Florida Marlins

  • The Lineup: Which National League team has received the most offensive production from their infield? The following chart lists the teams with the best infield units in the major leagues, using Runs Above Replacement Player (RAP). (In all cases we simply sum the totals from the most used players at each infield position, which may include time spent at DH or elsewhere. All totals through Saturday.)
     Boston         109.2
    Texas 90.8
    Florida 86.5
    NY Yankees 85.1
    St. Louis 79.8
    Seattle 71.2

    The Marlins have the best infield in the National League, based on performance to date. This is not a situation like Seattle, which plays both Bret Boone (43.4) and Jeff Cirillo (-0.4). The Fish have received very good, or better, offense from all four positions. Mike Lowell (32.3) leads the league with 25 home runs, and is certainly the top hitting third baseman in the senior circuit this year. Alex Gonzalez (24.7) is among the NL’s best shortstops. Luis Castillo (14.1) and Derrek Lee (16.6) are not All Stars and don’t deserve to be, but are having fine seasons, and in other years would not be ridiculous selections.

    The outfield presents a different story. Florida’s starting flychasers have all contributed below-average offense. While both Juan Encarnacion (52 RBI) and Juan Pierre (.297 with 35 stolen bases) have some superficial statistics that have obscured their mediocrity, Todd Hollandsworth has been awful.

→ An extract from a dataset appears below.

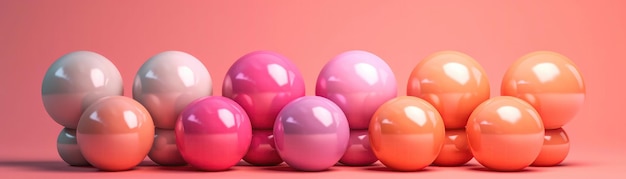 Gumballs stojący na gradientowym białym różowym tle Szeroki panoramiczny generatywny AI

    The recall of Miguel Cabrera to play left field is therefore good news on several levels. Cabrera is just 20, but was tearing the Southern League apart (365/.429/.609). He was moved from third base to left just days before his recall, a pleasant indication that the Marlins are not happy with their current outfield. If they finally deal Lowell, Cabrera is available to return to third, giving the Marlins some flexibility in who they get in the trade.

  • Dontrelle Mania?:…Not here. Dontrelle Willis was pimped in this space two weeks ago, just a few hours before his one-hitter against the Mets vaulted him into the consciousness of the rest of the baseball world. As you have likely noticed, he is now all over baseball Web sites and television. Comparisons have been drawn with Fernando Valenzuela‘s hot start in 1981, but I think Mark Fidrych‘s 1976 is a better comparison.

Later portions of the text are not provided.